O fortalecimento do movimento de mulheres, que nos últimos anos passou a denunciar cada vez mais a cultura do estupro e a violência de gênero, foi o que a motivou a mergulhar nessa investigação. Ela espera que o livro contribua para o debate e sirva como um legado para que a geração de sua filha, hoje com 14 anos, viva em um futuro onde as mulheres “possam se desenvolver e crescer sem ter esse medo constante.”
“Me deixou muito triste constatar que o estupro é o único crime em que as vítimas é que sentem vergonha. As pessoas que sofrem violência sexual têm vergonha de falar, como se elas que tivessem cometido um crime.
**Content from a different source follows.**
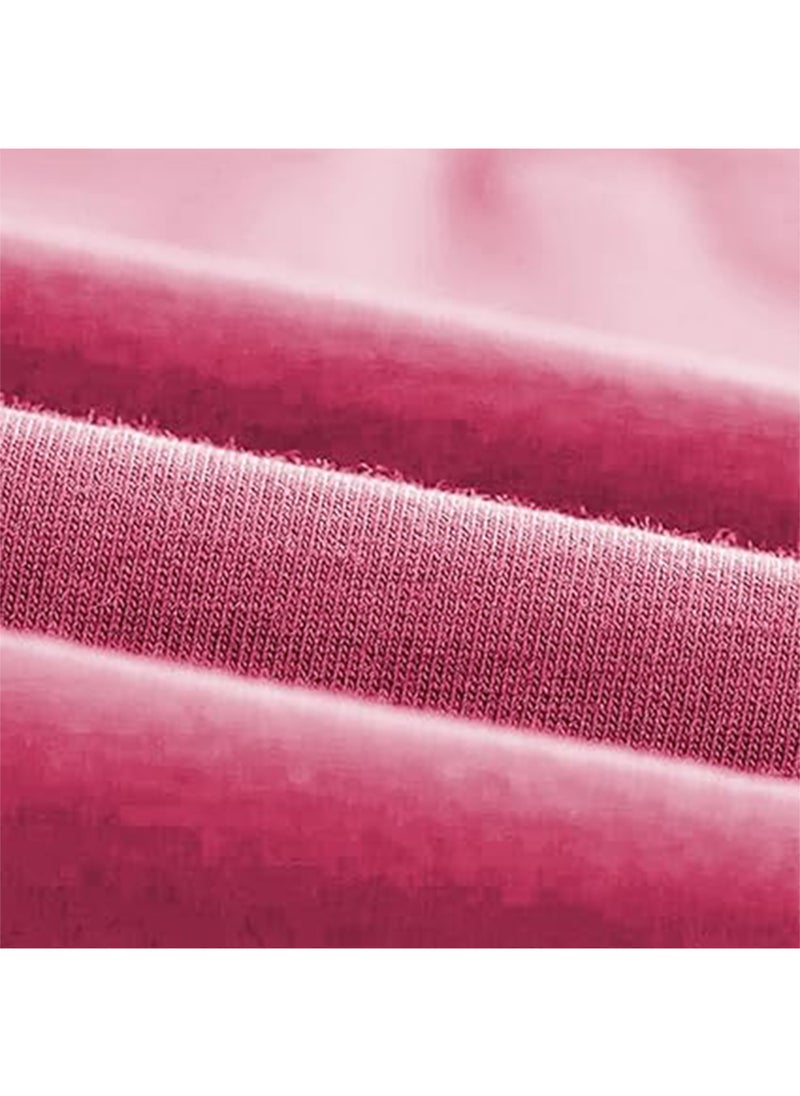 Generic Fashion Headbands For Women Wide Headband Yoga Workout Head Bands Hair Accessories(Pink)  - Image 3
Eu conto no livro um episódio que aconteceu comigo no transporte público, e mesmo esse episódio sendo relativamente bobo perto de tantas histórias horrorosas, eu fiquei super constrangida de contar”, diz Araújo, afirmando que levou meses para decidir se compartilharia ou não a sua vivência no livro.
“Foi um grande dilema. Durante meses, pensei se me mantinha apenas como jornalista observadora ou se me expunha e até que ponto eu me expunha. Até que cheguei a conclusão que precisava me expor para as pessoas não acharem que eu falava de um ponto de vista de alguém que nunca sofreu nada parecido e não consegue entender o que é. Escolhi essa história por pensar que é a mais corriqueira. Toda mulher que usa transporte público já passou por alguma situação assim”, conta a jornalista, se referindo ao episódio relatado no livro, sobre o dia em que acordou de um cochilo dentro de um ônibus no Rio de Janeiro com as mãos de um homem desconhecido nas suas coxas.
A culpa nunca é da vítima
Algo que surpreendeu a jornalista durante a apuração foi o fato de que muitas sobreviventes de violência sexual que tinham denunciado os crimes não sentiam raiva ou rancor de seus agressores, mas sim de representantes das instituições públicas que em algum momento as culpabilizaram pela agressão que sofreram.
“Me chamou a atenção ver como as vítimas que prestam queixa têm geralmente uma mágoa muito maior das instituições que não as acolheram bem do que do próprio estuprador”, conta.